------ INPUT DATA ------

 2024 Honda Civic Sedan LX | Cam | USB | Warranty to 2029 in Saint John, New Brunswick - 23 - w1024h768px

------
------ INPUT DATA ------

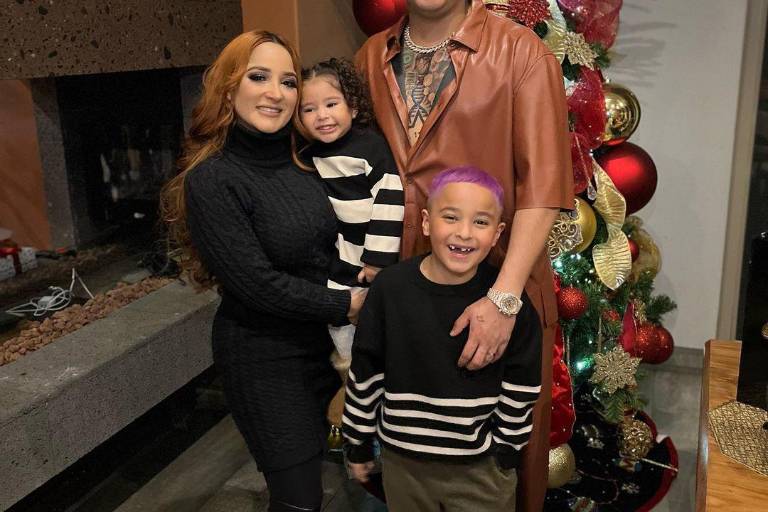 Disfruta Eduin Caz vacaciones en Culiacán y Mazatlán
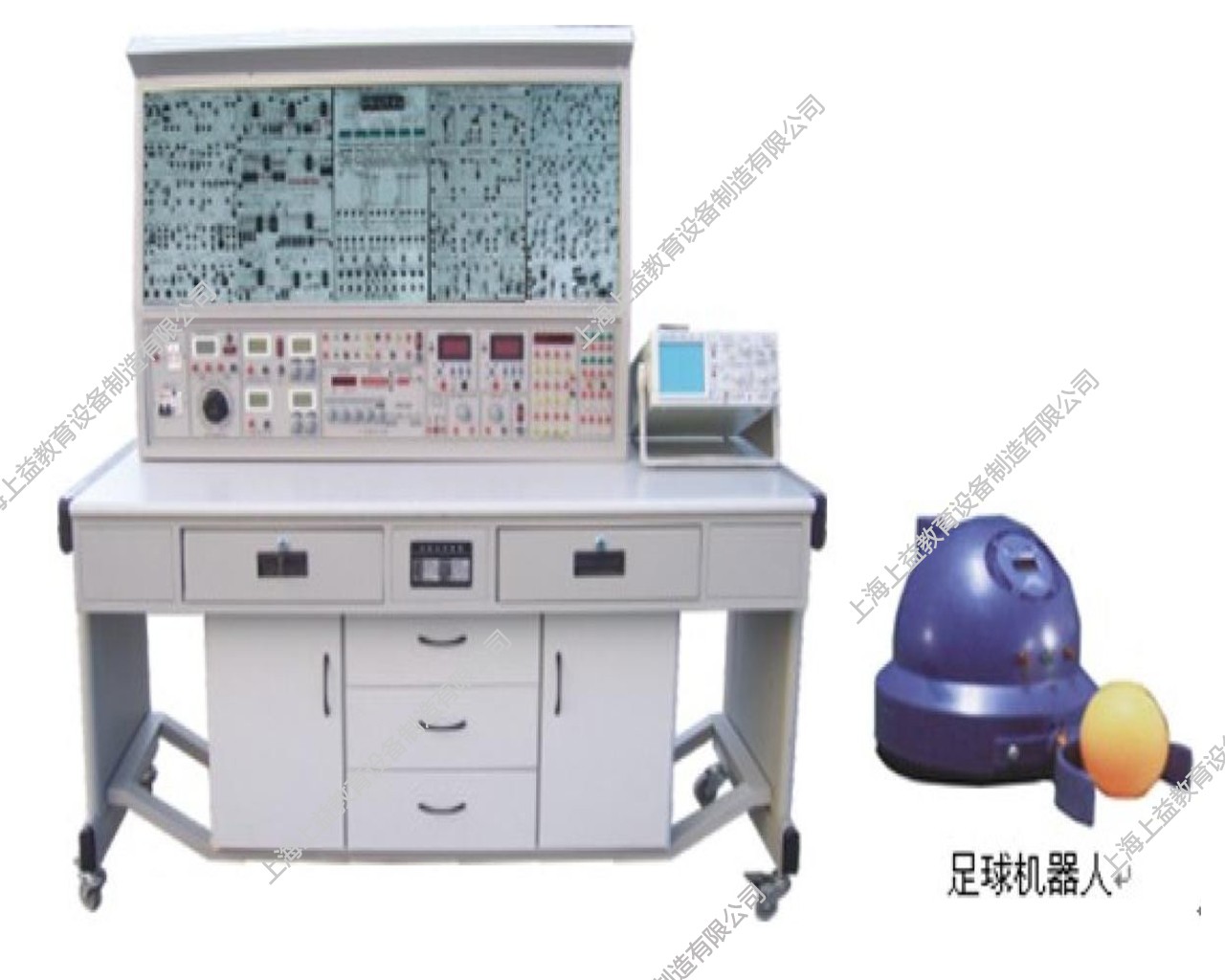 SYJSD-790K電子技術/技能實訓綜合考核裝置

------

• **EXERCISE DESCRIPTION**
Reproduce the listing above exactly from the line containing "Disfruta Eduin Caz" up to and including the line containing "SYJSD-790K電子技術/技能實訓綜合考核裝置", omitting any images and everything outside those lines.

• **ANSWER SPACE**
 Disfruta Eduin Caz vacaciones en Culiacán y Mazatlán
 SYJSD-790K電子技術/技能實訓綜合考核裝置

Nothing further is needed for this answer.